Все носилки остановили. Санитары принялись меня искать по номеру, нашли и оповестили об этом. Ко мне пошел Иван Петрович, несмотря на раннее утро, находящийся здесь, пошли другие, кто знал меня, и пришла Ксеничка Ивановна. Никого из своего кокона я видеть не мог. Но ее приближение я определил по некоему застывающему во мне току крови. Оказалось, что я ждал ее. Вокруг меня толпились, охали, ахали мои знакомые, и сразу подойти ко мне Ксеничка Ивановна не могла. А я все равно почувствовал ее присутствие. Я могу соврать, то есть мне могут не поверить, но я ощутил ее запах, запах чистоты и именно только ей присущего тепла. Будто даже и дыхание ее, чистое, легкое, меня волнующее и одновременно утишающее ход моей крови, почувствовал я сквозь бинты. Я очень хотел крикнуть, чтобы расступились и пустили ее ко мне. Но крикнуть я не мог. Да и кто же услышал бы мое мычание из моего кокона, если бы я и крикнул.
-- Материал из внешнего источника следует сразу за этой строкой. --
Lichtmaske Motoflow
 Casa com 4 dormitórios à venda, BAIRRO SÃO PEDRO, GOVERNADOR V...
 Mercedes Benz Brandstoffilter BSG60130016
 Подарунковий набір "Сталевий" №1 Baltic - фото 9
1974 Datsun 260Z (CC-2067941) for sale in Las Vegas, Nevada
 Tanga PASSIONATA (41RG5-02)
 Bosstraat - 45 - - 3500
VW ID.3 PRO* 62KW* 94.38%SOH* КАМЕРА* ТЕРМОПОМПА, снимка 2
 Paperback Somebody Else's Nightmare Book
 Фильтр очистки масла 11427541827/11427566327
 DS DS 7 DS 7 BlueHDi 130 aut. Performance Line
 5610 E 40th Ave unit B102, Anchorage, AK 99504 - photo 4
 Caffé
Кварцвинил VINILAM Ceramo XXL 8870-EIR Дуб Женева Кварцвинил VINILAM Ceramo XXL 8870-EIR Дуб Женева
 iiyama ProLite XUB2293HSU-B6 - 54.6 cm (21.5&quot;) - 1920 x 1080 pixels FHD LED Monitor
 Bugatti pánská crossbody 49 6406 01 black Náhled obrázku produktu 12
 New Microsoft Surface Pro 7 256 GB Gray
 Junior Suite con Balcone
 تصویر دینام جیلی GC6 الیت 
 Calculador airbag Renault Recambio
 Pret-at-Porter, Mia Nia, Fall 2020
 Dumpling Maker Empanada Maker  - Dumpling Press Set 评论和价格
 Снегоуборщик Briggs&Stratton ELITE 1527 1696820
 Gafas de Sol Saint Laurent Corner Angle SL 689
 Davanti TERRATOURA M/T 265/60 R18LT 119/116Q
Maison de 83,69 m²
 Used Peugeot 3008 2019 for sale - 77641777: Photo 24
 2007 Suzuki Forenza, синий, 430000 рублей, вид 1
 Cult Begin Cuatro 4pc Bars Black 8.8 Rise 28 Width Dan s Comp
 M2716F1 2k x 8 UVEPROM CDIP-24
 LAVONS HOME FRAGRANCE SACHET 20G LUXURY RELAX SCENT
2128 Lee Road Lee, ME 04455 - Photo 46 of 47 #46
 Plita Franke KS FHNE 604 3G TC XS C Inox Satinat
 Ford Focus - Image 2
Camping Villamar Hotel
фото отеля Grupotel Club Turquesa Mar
Она смогла подойти ко мне, только когда носилки перед погрузкой на двуколку поставили на землю. Она подошла, и санитар сказал ей, видно, показывая на меня: “Вот!” И долгую половину минуты она не могла понять, где этот “вот”, так как этот “вот” был бревном, опутанным бинтами.
― Вот же, вот, сестрица! ― снова сказал санитар.
Но она все равно молчала. А я подумал, сколько я пропащий, если ее, видавшую сотни увечных и мертвых людей, пережившую ужас Сарыкамышского вокзала, мой вид мог остановить. Наконец она склонилась ко мне. Я увидел лучистые и серые ее глаза. Они несли мне что-то такое, на что я, подлец, не имел права.